Exercise:
Could you output each record below exactly as it stands and leave the pictures out?

Input material:
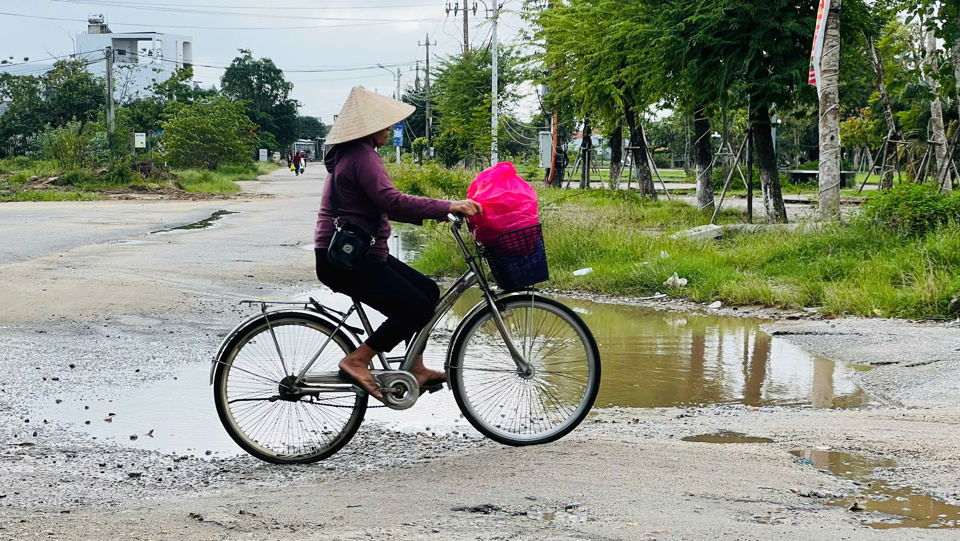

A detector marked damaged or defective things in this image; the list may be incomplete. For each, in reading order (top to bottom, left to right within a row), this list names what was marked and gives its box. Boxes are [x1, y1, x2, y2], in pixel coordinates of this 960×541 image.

pothole [788, 448, 960, 528]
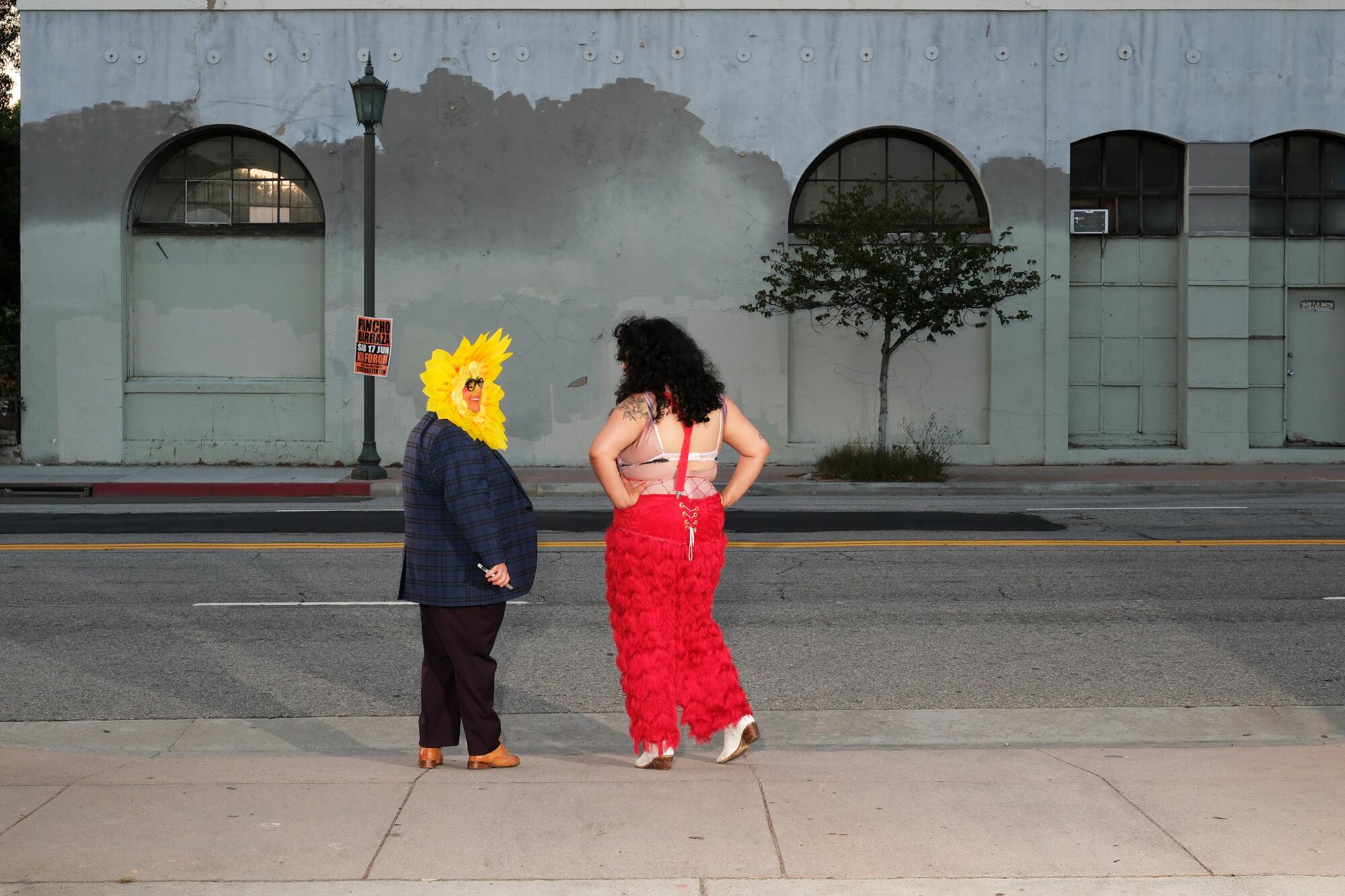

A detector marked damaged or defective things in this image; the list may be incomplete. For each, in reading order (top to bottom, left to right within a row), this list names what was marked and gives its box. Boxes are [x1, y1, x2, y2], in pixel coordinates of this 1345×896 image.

peeling painted wall [18, 9, 1345, 462]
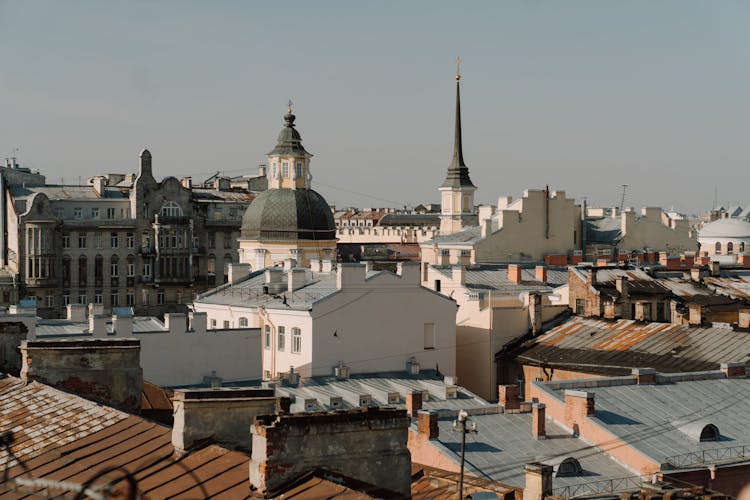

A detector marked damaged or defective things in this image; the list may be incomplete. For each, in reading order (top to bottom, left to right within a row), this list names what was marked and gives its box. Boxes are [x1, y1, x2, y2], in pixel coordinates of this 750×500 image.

Finished task:
A detector marked damaged or defective things in this image; the list may be incomplete. For each, in reading order (top to bottom, left to right within a row), this list names what was marked and gives its box. Boxes are [x1, y1, x2, y2], in pixel coordinates of this 960×541 image.

pothole [788, 448, 960, 528]

A detector marked damaged or defective things in this image; the list may be incomplete. For each, in reading order (top to bottom, left to right within a row), this list names what was marked and gives its box. Boxes are [x1, y1, x2, y2], in pixel coordinates of this 1345×896 image.

peeling painted wall [18, 9, 1345, 462]

A detector marked damaged or defective things in this image; the list may be incomplete. For each, in reading order (top to bottom, left to right within a row), this list names what was marked and gives its box. Boxes are [x1, y1, x2, y2], in pixel coordinates of this 750×500 image.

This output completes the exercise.